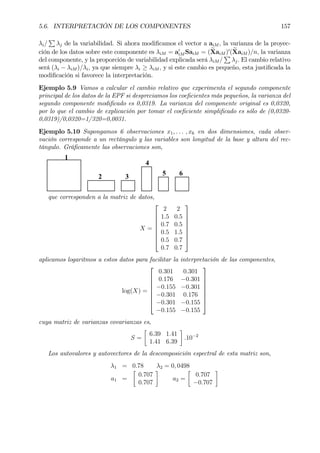 5.6. INTERPRETACIÓN DE LOS COMPONENTES 157
λi/
P
λj de la variabilidad. Si ahora modiÞcamos el vector a aiM , la varianza de la proyec-
ción de los datos sobre este componente es λiM = a0
iM SaiM = (eXaiM )0
(eXaiM )/n, la varianza
del componente, y la proporción de variabilidad explicada será λiM /
P
λj. El cambio relativo
será (λi − λiM )/λi, ya que siempre λi ≥ λiM , y si este cambio es pequeño, esta justiÞcada la
modiÞcación si favorece la interpretación.
Ejemplo 5.9 Vamos a calcular el cambio relativo que experimenta el segundo componente
principal de los datos de la EPF si despreciamos los coeÞcientes más pequeños, la varianza del
segundo componente modiÞcado es 0,0319. La varianza del componente original es 0,0320,
por lo que el cambio de explicación por tomar el coeÞciente simpliÞcado es sólo de (0,0320-
0,0319)/0,0320=1/320=0,0031.
Ejemplo 5.10 Supongamos 6 observaciones x1, . . . , x6 en dos dimensiones, cada obser-
vación corresponde a un rectángulo y las variables son longitud de la base y altura del rec-
tángulo. GráÞcamente las observaciones son,
1
2 3
4
5 6
que corresponden a la matriz de datos,
X =








2 2
1.5 0.5
0.7 0.5
0.5 1.5
0.5 0.7
0.7 0.7








aplicamos logaritmos a estos datos para facilitar la interpretación de las componentes,
log(X) =








0.301 0.301
0.176 −0.301
−0.155 −0.301
−0.301 0.176
−0.301 −0.155
−0.155 −0.155








cuya matriz de varianzas covarianzas es,
S =
·
6.39 1.41
1.41 6.39
¸
.10−2
Los autovalores y autovectores de la descomposición espectral de esta matriz son,
λ1 = 0.78 λ2 = 0, 0498
a1 =
·
0.707
0.707
¸
a2 =
·
0.707
−0.707
¸
 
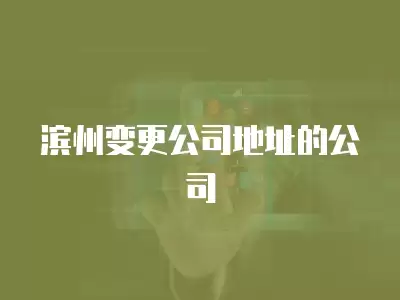 濱州變更公司地址的公司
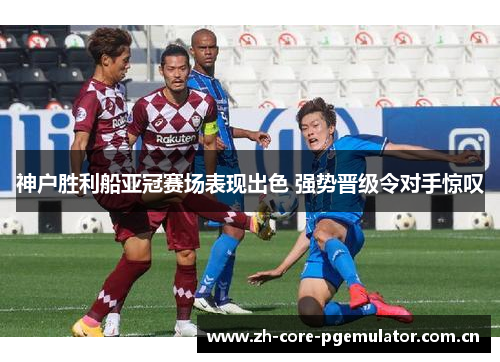 神户胜利船亚冠赛场表现出色 强势晋级令对手惊叹 神户胜利船亚冠赛场表现出色 强势晋级令对手惊叹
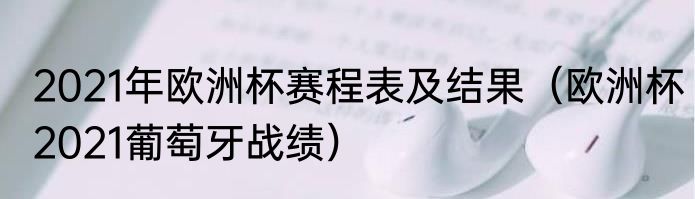 2021年欧洲杯赛程表及结果（欧洲杯2021葡萄牙战绩）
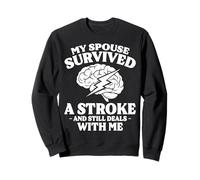 My Spouse Survived A Stroke And Still Deals With Me Sweatshirt
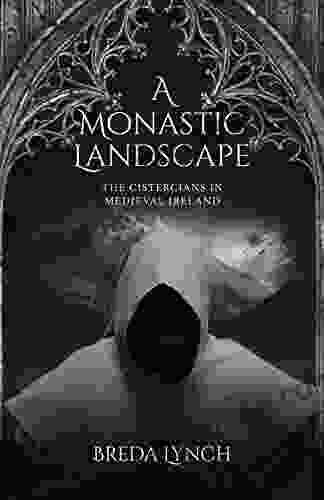 A Monastic Landscape: The Cistercians In Medieval Ireland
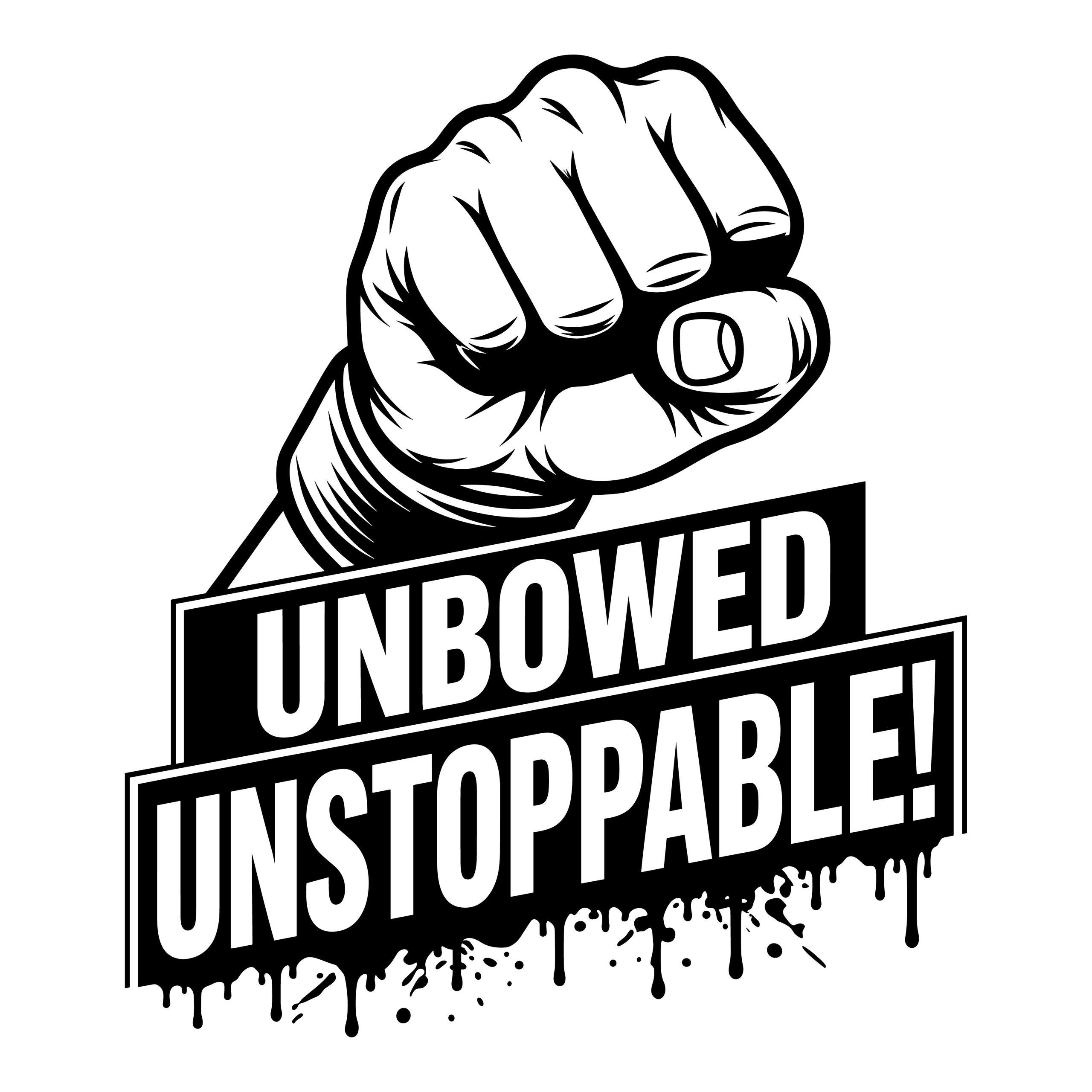 Unbowed Unstoppable text under a clenched raised fist graphic in black and white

### Exercise description
The string "observaciones" may appear in lines of the listing above; tally those lines and give the number only.

### Output for this exercise
2